== WORK INSTRUCTION ==
Leave out the pictures, and print exactly the lines from the one holding "Canon imageFORMULA DR-M260" through the last line of the material.

== DATASET EXCERPT ==
=== Begin Enclosure ===

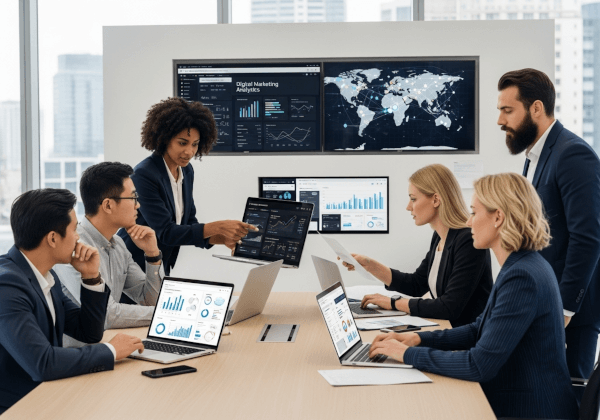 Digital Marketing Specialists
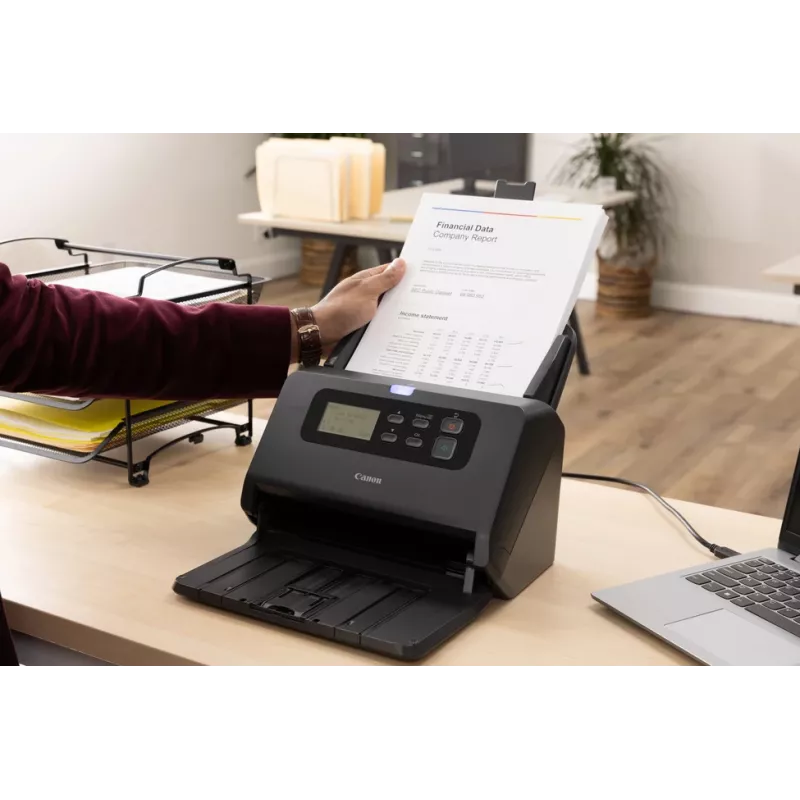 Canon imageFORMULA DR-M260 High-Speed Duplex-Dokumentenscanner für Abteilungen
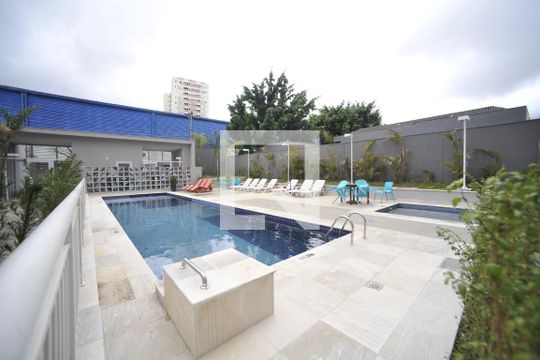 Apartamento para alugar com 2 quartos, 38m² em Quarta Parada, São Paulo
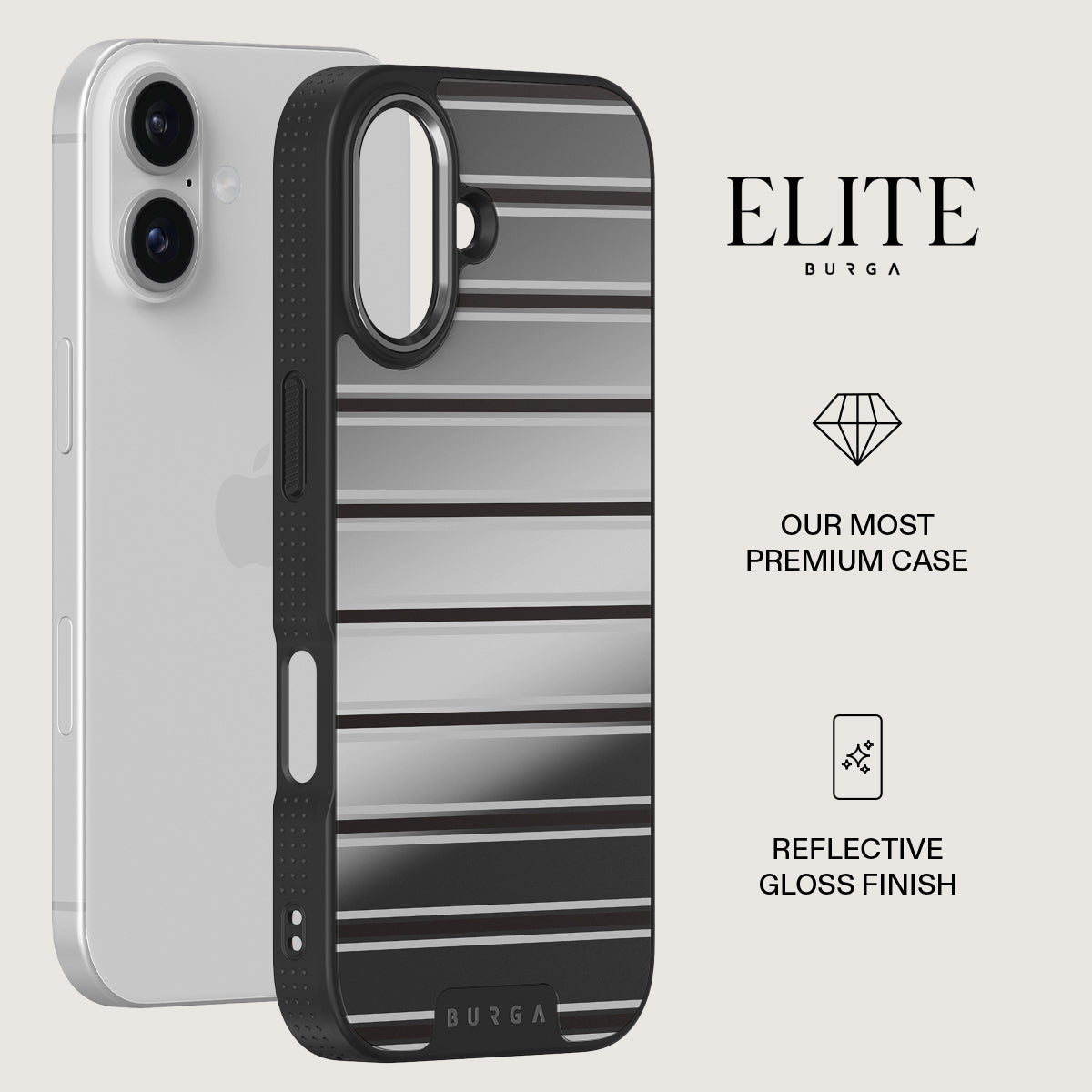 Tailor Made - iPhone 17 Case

=== End Enclosure ===

== RESULT OF THE TASK ==
 Canon imageFORMULA DR-M260 High-Speed Duplex-Dokumentenscanner für Abteilungen
 Apartamento para alugar com 2 quartos, 38m² em Quarta Parada, São Paulo
 Tailor Made - iPhone 17 Case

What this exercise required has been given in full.